Code Review Research

April 23, 2024 (Last Modified: June 12, 2025)

Code review and CI/CD are one the few practices with actual empirical support.

Meta Comment

This post was written in reply to a specific post discussing removing code reviews entirely.

Some Additional Background

Some of this reply is based on my own reading in the fields of cognitive science, resilience engineering, and safety engineering. It also presupposes you already have some trust in the general idea of Empirical Software Engineering.

If you’re not familiar with the topic, the single best introduction I could give is a talk by Hillel Wayne entitled Intro to Empirical Software Engineering: What We Know We Don’t Know. ¹ I can’t normally stand watching talks but this one stands out amongst the crowd. It also directly addresses the point (around 27 minutes in). Unfortunately, as the talk and book points out, much of the research is not great or not existent. Studies are often, though not always, done on students or newer programmers (samples of convenience). Nonetheless there is some consensus on specific areas.

Goals of Code Review

The vast majority of code review research has to do with finding and preventing defects. There is scant research let alone evidence on other aspects such as security, cross-team pollination, high level architectural decisions, etc.

Code Review Has Impact

Defect Finding After getting enough sleep, code review is one of the best tools we have to find defects. Code Review finds between 60% to 80% of bugs in the code. Only 1 in 4 comments is about functionality. The other 3 are about quality. ¹ (citation here is to the video. I’ve read similar studies). None of TDD, pairing, or formal proofs has as much evidence as code review.

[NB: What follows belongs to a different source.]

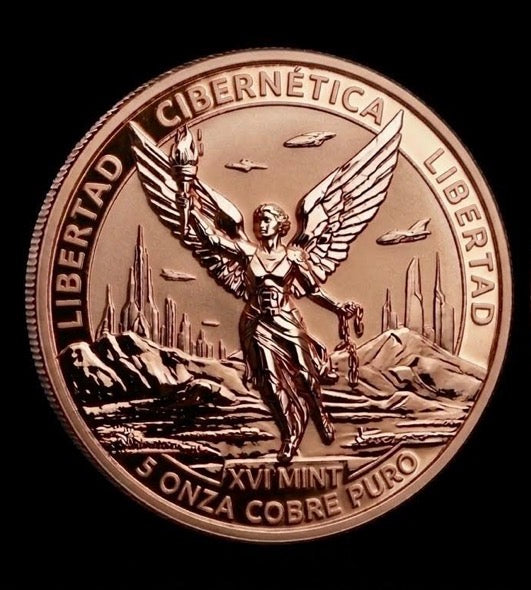 XVI Mint Libertad Cibernetica 5 oz Copper Ultra High Relief Reverse Proof -Like Medal (1000 Mintage)
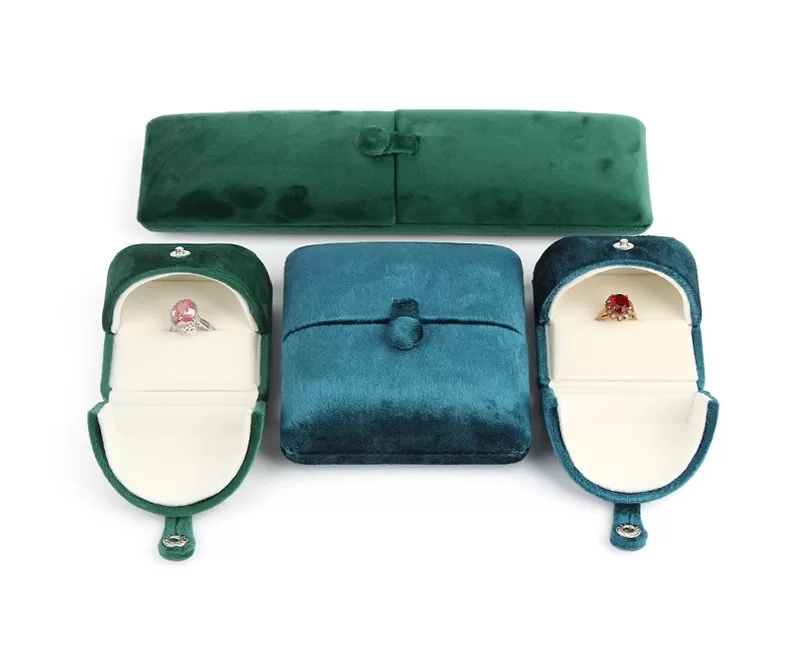 engagement ring box for couple, blue velvet jewelry box, blue velvet necklace box, jewelry case retail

Self Reviews Self-check reviews had half the defect density of nonchecked reviews, indicating that people who double-check their work found half of the problems by themselves. ²^pp18

Subjective Experience Developers generally find it valuable. The review quality is mainly associated with the thoroughness of the feedback, the reviewer’s familiarity with the code, and the perceived quality of the code itself. Developers often struggle with managing their personal priorities, maintaining their technical skill set, and mitigating context switching. ³

False positives. Misunderstandings by the reviewer are between 15 to 30% ⁴⁵. On the other hand, fixing such a misunderstanding is perhaps worth it?

What Affects Code Review?

Cognitive Load For small changes a guided checklist and higher cognitive load were more helpful, for large changes, the checklist proved to be more efficient and to lower cognitive load, while the guided checklist led to lower effectiveness. ⁶ This is probably because the small code review is associated with actually understanding the code rather than mechanical checks. For larger changes it was to avoid missing things as you go through the diff

Ordering Matters. Code listed first is likely to have more careful review done. Defects in later files are less likely to be found. ⁷

One idea to improve things might be to order the files to review starting from “most changed” or “most modified file churn” or something similar instead of alphabetical. At least, point out more clearly the files more likely to have bugs.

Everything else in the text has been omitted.